Caught in the Middle – GPS, Broadband and the Unfortunate Case of Light Squared

I attended a Congressional hearing yesterday on the Light Squared ‘situation’.  Dr. Scott Pace of the Elliott School participated as an expert witness  about GPS technology, and graciously let me tag along. Light Squared has been developing a 4G-LTE open wireless broadband network, which is sorely needed given the market’s insatiable demand for connected, mobile devices.  Light Squared intends to offer its network wholesale to other retail providers (i.e. Verizon, Sprint) who will own the ultimate relationships with their customers. This (theoretically at least) opens the door for further and new competition among service providers, although Sprint has already committed to a big chunk of the bandwidth. Still, the Light Squared network would solve capacity limitation issues and create more consumer options – all good things, right?

With a $4B investment to date, Light Squared seems to have shifted direction a bit in recent years from creating a satellite-based network to a combination satellite and terrestrial network. And therein lies the unfortunate problem, in that the spectrum it has rights to is adjacent to GPS spectrum, and, given Light Squared’s much more powerful signal, it causes interference with land-based GPS receivers that rely on complete signal accuracy. Well, we can’t have this. At the Congressional hearing, highly placed execs from NOAA, NASA, DOT and the USGS all lined up to testify why Light Squared’s network creates the potential for catastrophy within their respective domains, and those are extensive. GPS is used in everything these days.
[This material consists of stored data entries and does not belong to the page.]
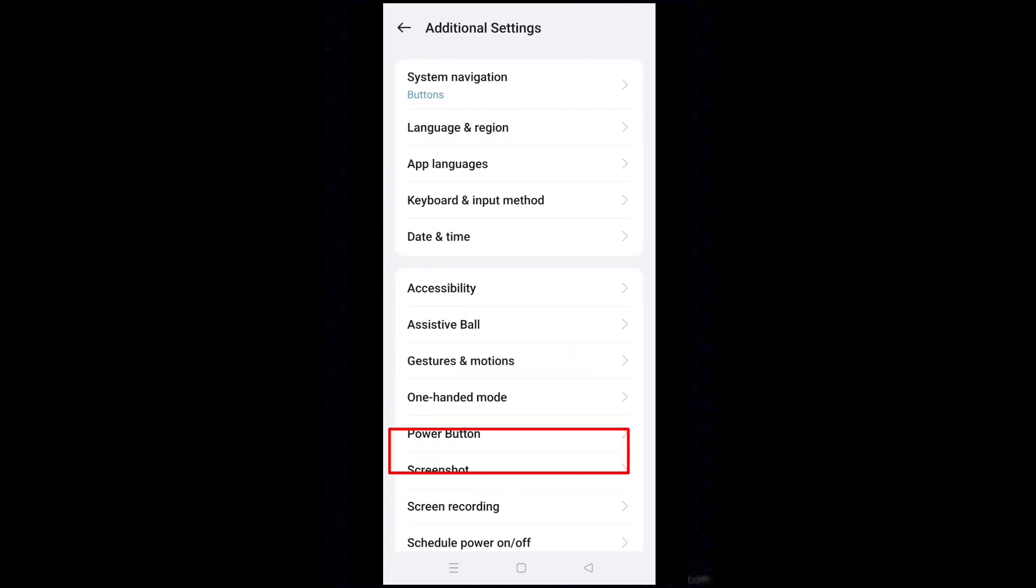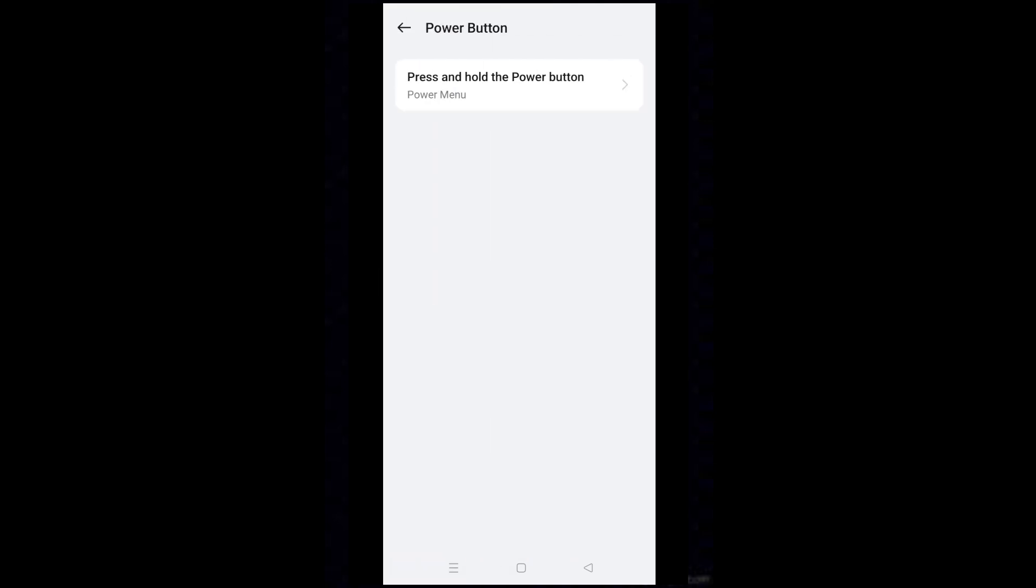Then select power button. Tap on press and hold the power button. Here change the setting. Select power menu.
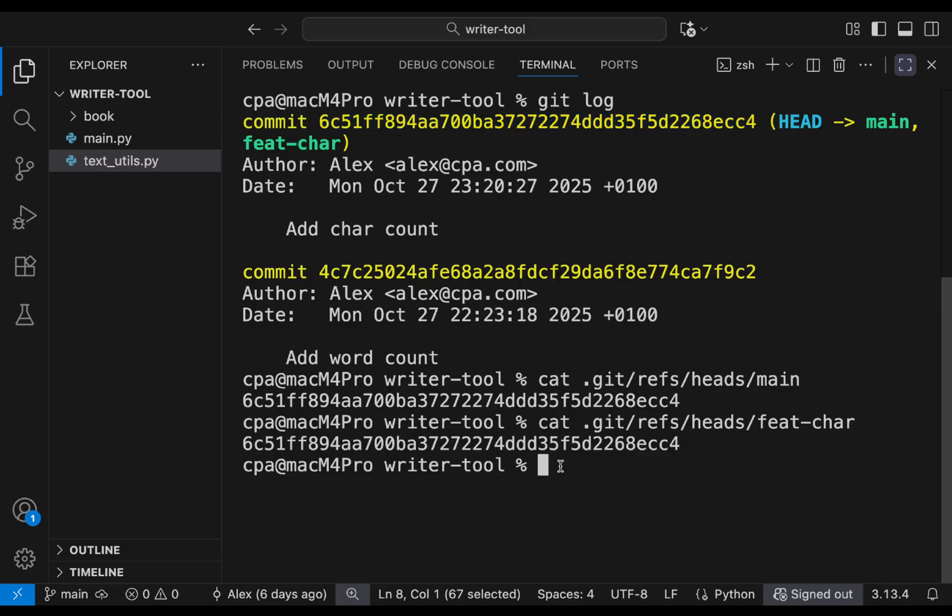In the next videos, we will cover cases where the main branch has new commits while we were working on the feature branch, as well as the concept of merge conflicts and how to resolve them.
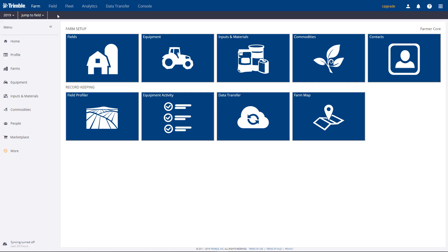Hi, this is Brian Stark, and I'm going to show you how to find and manage your guidance lines. These tips are handy for renaming, deleting, and creating offsets.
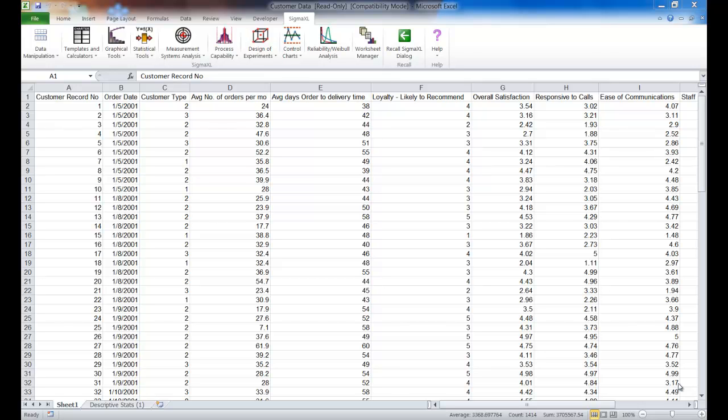This is just going to be a quick video demonstrating the use of confidence intervals using Sigma Excel's Descriptive Statistics tool.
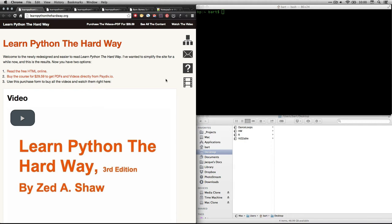Hi, this is Bart Polson, and this video is a walkthrough of one of the exercises in Zed Shaw's book, Learn Python the Hard Way.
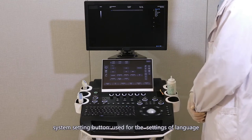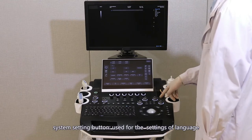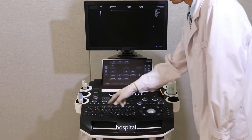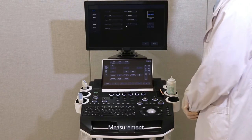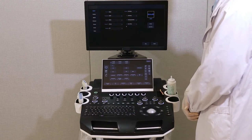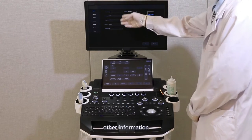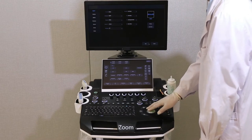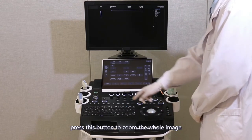System setting button: used for the settings of language, hospital, measurement, and other information. Zoom: press this button to zoom the whole image.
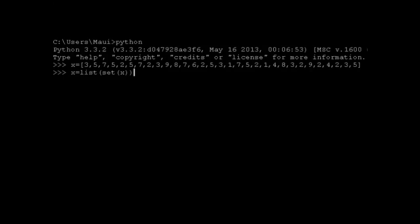So in one simple little command we can remove all the duplicates from x. There's our list with no duplicates. That simple.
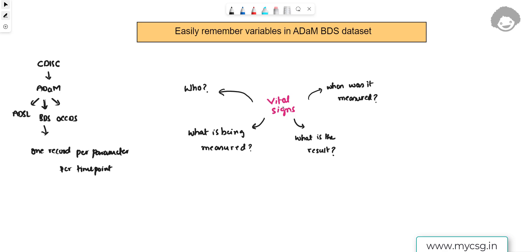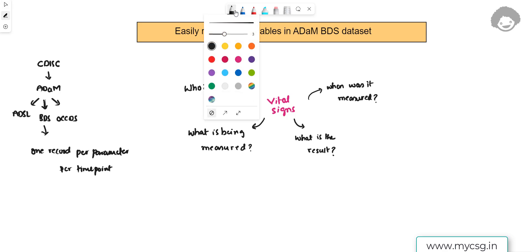We will see how to remember variables in an ADaM BDS dataset using vital signs as an example — systolic blood pressure, diastolic blood pressure, and pulse rate. We can remember the majority of variables by answering four questions: Who (which subject?), What is being measured?, What is the result?, and When was it measured?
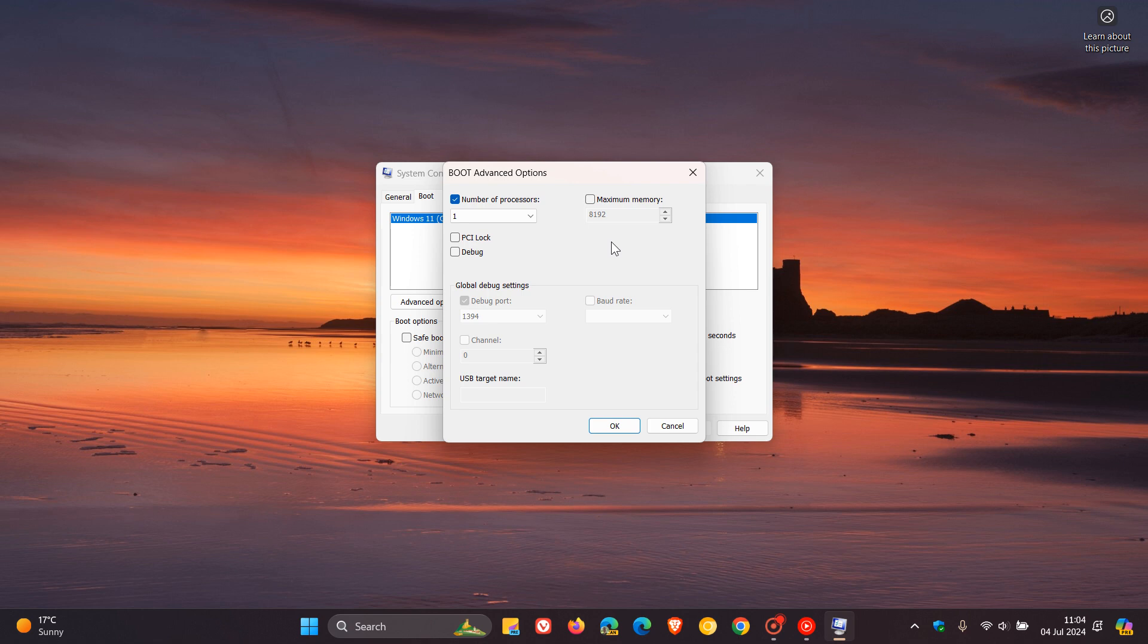Now, moving on to maximum memory. Now, what this is all about, basically, is this is a feature that allows you to set the maximum memory that your operating system can use. And it's actually used to simulate low memory conditions on your PC.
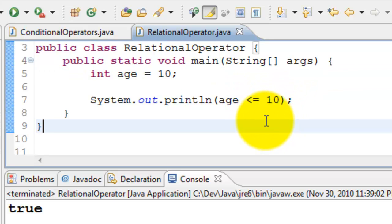So these are the comparison operators which are used to verify and compare values.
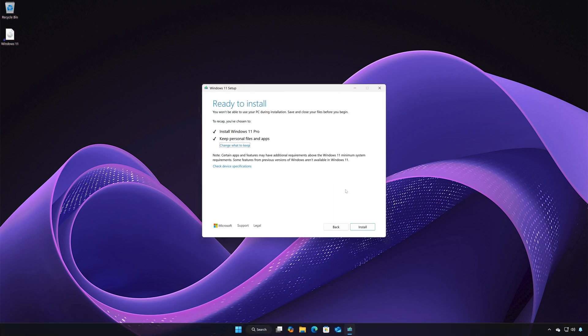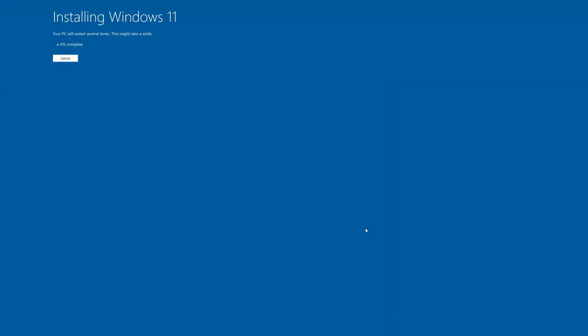Select to keep your personal files and programs. Press Install. Wait for Windows 11 to install the latest update.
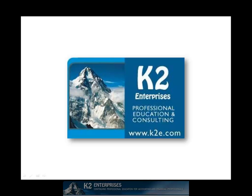On behalf of everyone at K2 Enterprises, thanks for taking time to watch this video tip. For more information on the training courses we offer, please visit our website at www.k2e.com.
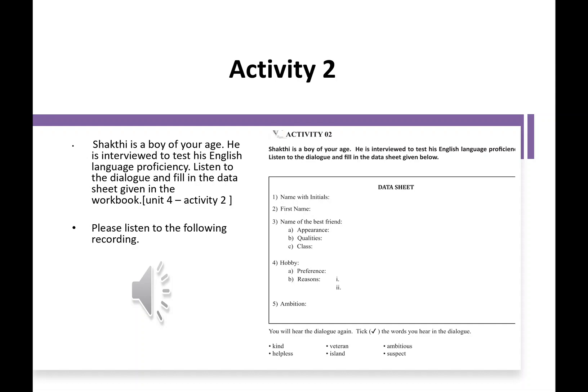Why do you prefer reading adventures? Because my aspiration is to be a journalist. For that, I need a rich set of vocabulary. Reading adventures makes my thinking positive. And I think I like the excitement that prevails throughout the adventures. Shakti, now study this picture for 30 seconds and talk about it. You will get two minutes to talk about it.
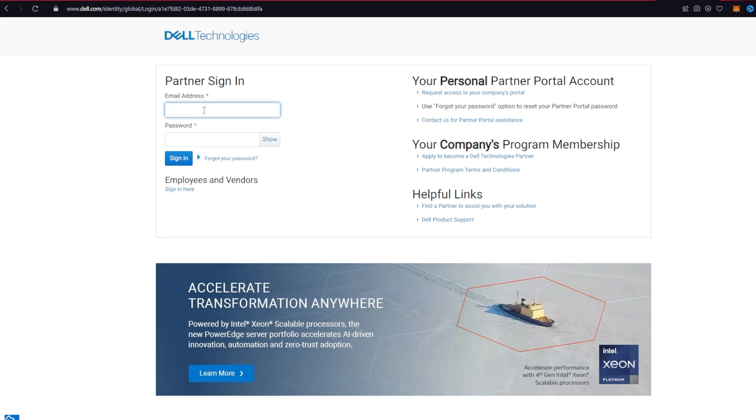If you forget your password, click on this forget your password link from here and follow the instructions. After filling all of your details, click on the sign in button from here and that's it. That is how it can be easily done.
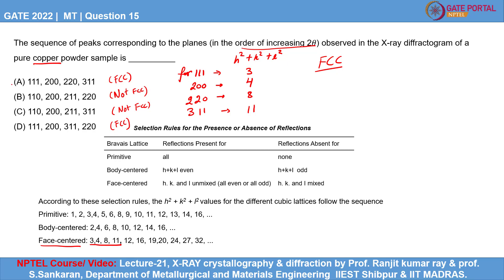So our correct option is option A. Why is option D not correct? Although it also represents FCC, the peaks are swapped — the 311 peak should come after 220 as per this order. As per the H²+K²+L² values, 311 should come after 220, so that is why option D is wrong.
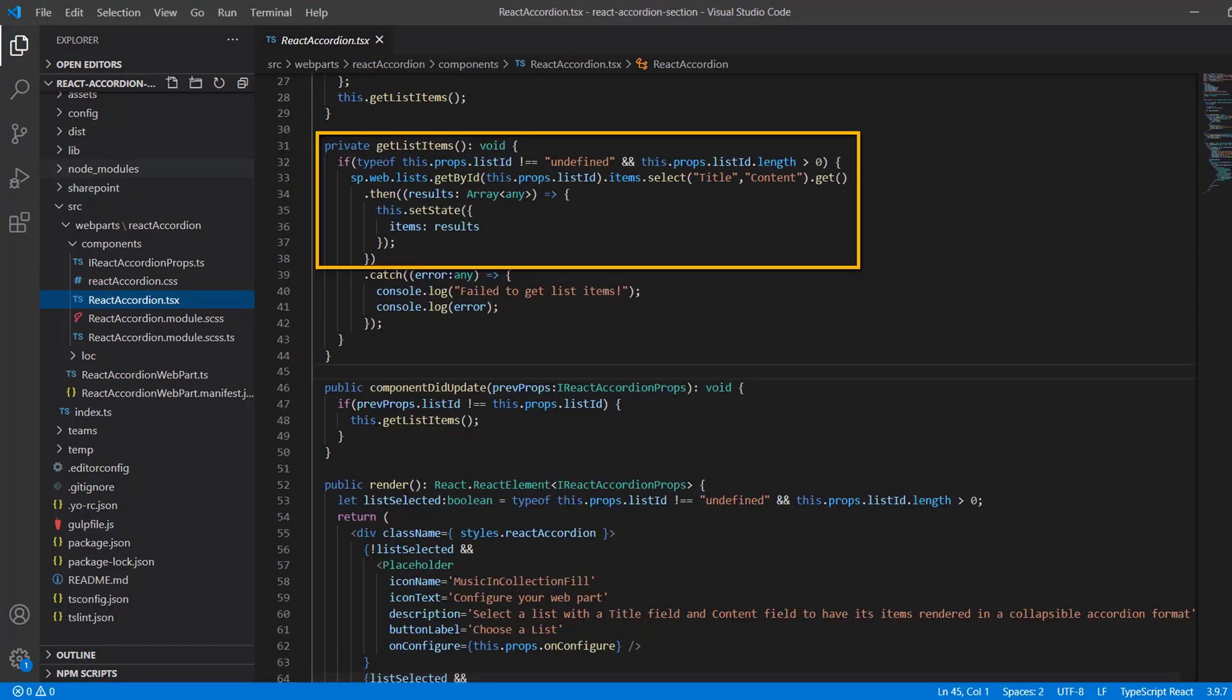And then moving to line 31 here, there's our getListItems method, where I have a conditional on line 32 to make sure that the selected list is not undefined and has an ID that's longer than zero. So that just ensures that we have a legitimate list selected. And then in line 33, that's where we're using the SP library to make our SharePoint REST API call. We're requesting all the items from the list that was chosen in the property pane, but we're selecting for just the title and content field values, since that's all we need for populating the accordion with data.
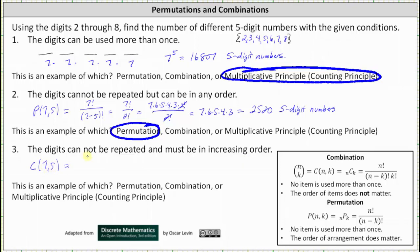Seven choose five is equal to seven factorial divided by the product of seven minus five factorial and five factorial. Simplifying, seven factorial equals seven times six times five factorial, divided by two factorial — which equals two times one — times five factorial. Five factorial divided by itself simplifies to one, and six and two share a common factor of two, giving us seven times three, which is 21.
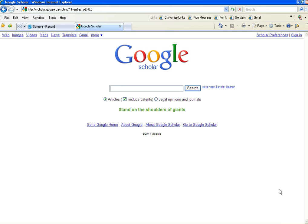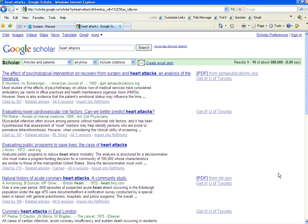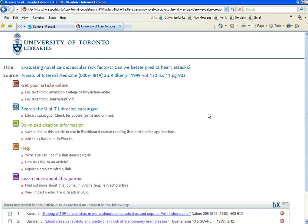Now, what does this do? When you look for an article in Google Scholar — we'll just take an example here on heart attacks — and you get the list of references, you'll see in the right-hand column on the screen that you now have Get It, U of Toronto, beside any of the links for which the University of Toronto Library owns the journal electronically. If you click the Get It link, a new screen will pop up.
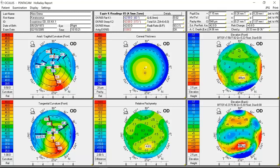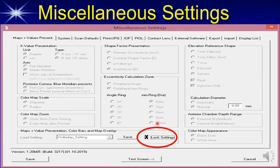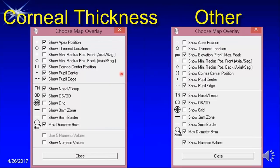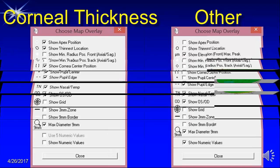You can change settings by right-clicking on the color bar, but every time you reload the Holliday Report they will reset to the standard values. The settings are already locked. The overlays — such as the apex of the cornea, where it's thinnest, the center of the cornea, the center of the pupil, and the edge — are all automatically set on the Holliday Report with the latest versions.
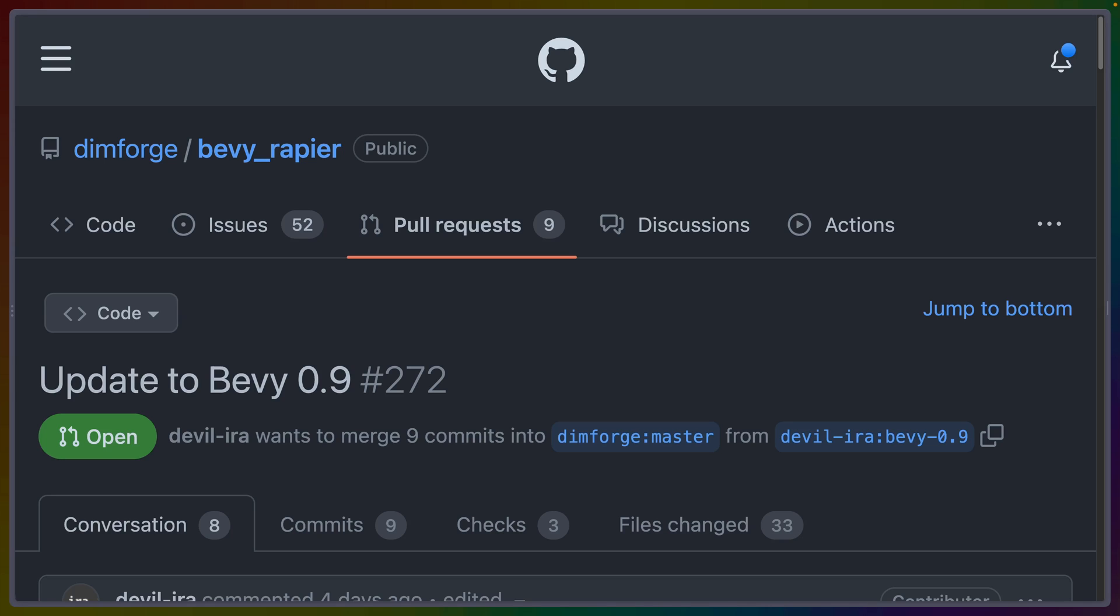Welcome back to Let's Code. Today we are talking about particle effects on the GPU with Bevy 0.9.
Light Squared’s response was (and has been over the past year) cooperative and creative in attempting to modify its technology and even the range of the spectrum it will use to avoid the interference problem. The brave company executive on the witness panel defended their position, even to claiming that much of the problem could be solved through low cost receiver antenna upgrades. However, Dr. Pace contends that ‘the photons don’t care’ about types of receivers and that the problem is not at present technically solvable to a point that satisfies safety requirements for critical GPS-enabled applications – aviation, military, weather, even precision agriculture.

So here is Light Squared, seemingly progressing down the wrong $4B path due to premature FCC licensing, and now caught in the middle of a very uncomfortable situation. It  just can’t operate without FCC go-ahead approval.  Congress at this point is unlikely to allow that approval, not that the FCC would attempt it given the risks (still, there must undoubtedly be some inclination to face saving). Even courteous and sympathetic Congressman Jerry McNerney from California closed his questioning time by saying he didn’t think we were technically quite there yet.

The outcome of yesterday’s hearing was agreement that considerable further testing of work-around options is needed.  That leaves Light Squared in a kind of limbo – does it keep working and spending a lot more money in the belief that some operating permission will ultimately be given?  Does it abandon ship and throw away its enormous investment?  Does it apply big financial pressure to Washington to see what compromise it can buy? 

It was really interesting to see the committee Representatives, many of whom were Republican and who usually could be relied upon as business advocates, taking a stand against this corporate entity.  I found myself sympathetic to Light Squared’s case, wondering if they indeed had been misled by the FCC who perhaps did not understand the technical realities of what they were agreeing to in 2009, and now are caught in a conundrum.  As a consumer, I would love to see more providers entering the broadband space to increase our options. As a relative newcomer to the DC area who relies on my TomTom to go almost everywhere, I think we need to protect GPS. This situation sets up a fascinating study of government IT policy, its impact on industry, and its responsibility to public good.